La actriz británica dará vida a la icónica arqueóloga en la nueva serie de Tomb Raider producida por Prime Video
Sophie Turner, conocida por su papel de Sansa Stark en Juego de Tronos, será la sucesora de Angelina Jolie y Alicia Vikander en la nueva serie de Tomb Raider. La producción cuenta con Phoebe Waller-Bridge como creadora y guionista, y busca actualizar al famoso personaje para una nueva generación sin perder la esencia que lo hizo famoso en los videojuegos y el cine.
El equipo
Detrás de la serie hay un equipo de profesionales. Phoebe Waller-Bridge, creadora de Fleabag y Killing Eve, será la guionista y productora principal. También estarán Chad Hodge como co-showrunner y Jonathan Van Tulleken, conocido por Shōgun, como director. Un equipo que combina experiencia en acción, drama y comedia. Además, Crystal Dynamics, los creadores originales de los videojuegos de Tomb Raider, participarán en la producción, asegurando que la serie mantenga la esencia de los juegos.

Qué esperar del rodaje
El rodaje comenzará en enero de 2026, con una producción internacional en varios países, con escenarios naturales, ruinas y paisajes exóticos, como en los juegos de Tomb Raider. Aún no hay una fecha de estreno confirmada, pero se espera que la serie llegue a Prime Video en 2027. La plataforma ha dejado claro que se trata de uno de sus proyectos más importantes y que la inversión será grande, por lo que ya hay mucha expectación.
Una nueva era para Lara Croft
Angelina Jolie, en las películas de 2001 y 2003, y Alicia Vikander, en la de 2017, ya dejaron su huella en el cine, y Turner sabe que al tomar el relevo de este personaje, las comparaciones llegarán sí o sí. Se hizo famosa por su papel de Sansa Stark en Juego de Tronos, donde demostró que puede con personajes fuertes y complejos. También trabajó en las películas de X-Men, lo que le dio experiencia en el cine de acción y escenas con efectos especiales.
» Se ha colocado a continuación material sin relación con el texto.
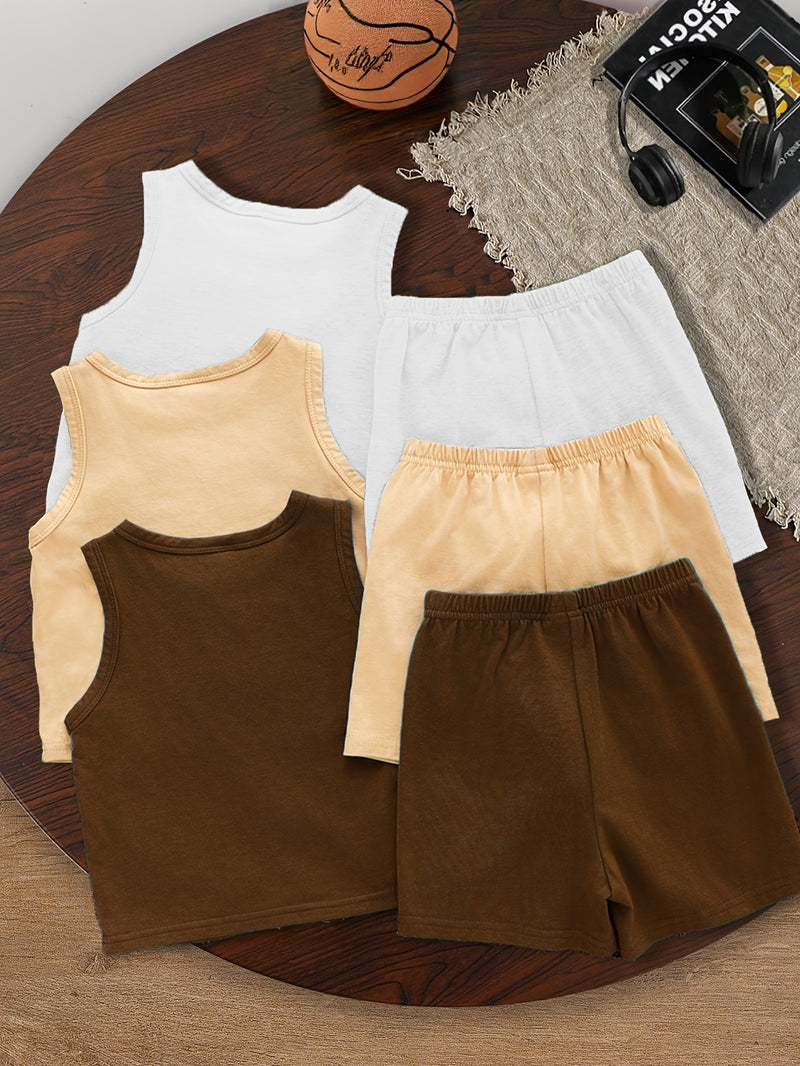 6pcs Set for Baby Boys Featuring a Trendy Summer Outfit.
A diferencia de las películas, la serie es una oportunidad de mostrar otra cara de Lara, más humana y cercana al público, no solo la heroína que enfrenta peligros, sino también sus dudas, emociones y decisiones difíciles. Turner afirmó que siente presión por interpretar un personaje tan famoso, pero que está encantada: “Es un personaje icónico, que significa muchísimo para mucha gente”.
La serie debe mezclar acción, aventura y misterio, mientras cuenta una historia que guste a los fans de siempre y a los nuevos espectadores. Turner y el equipo saben que tienen que respetar los videojuegos y a la vez dar una versión moderna.
Un icono que no pasa de moda
Desde que apareció en 1996, Lara Croft se ha convertido en un icono cultural. Fue la protagonista de uno de los videojuegos más influyentes de los 90 y desde entonces ha estado en películas, cómics y muchos otros productos. Nunca ha dejado de evolucionar y de reinventarse, manteniéndose relevante.
En una época donde adaptaciones como The Last of Us han demostrado que los videojuegos pueden funcionar muy bien en televisión, esta serie tiene la oportunidad de presentarla de nuevo a una generación que quizás la conoce más por referencias que por sus primeras aventuras.

La llegada de Sophie Turner como Lara Croft marca el inicio de una nueva etapa para la franquicia. Con un equipo creativo experimentado, escenarios espectaculares y un enfoque que combina acción con profundidad del personaje, la serie promete satisfacer a los fans de siempre y atraer a nuevos espectadores.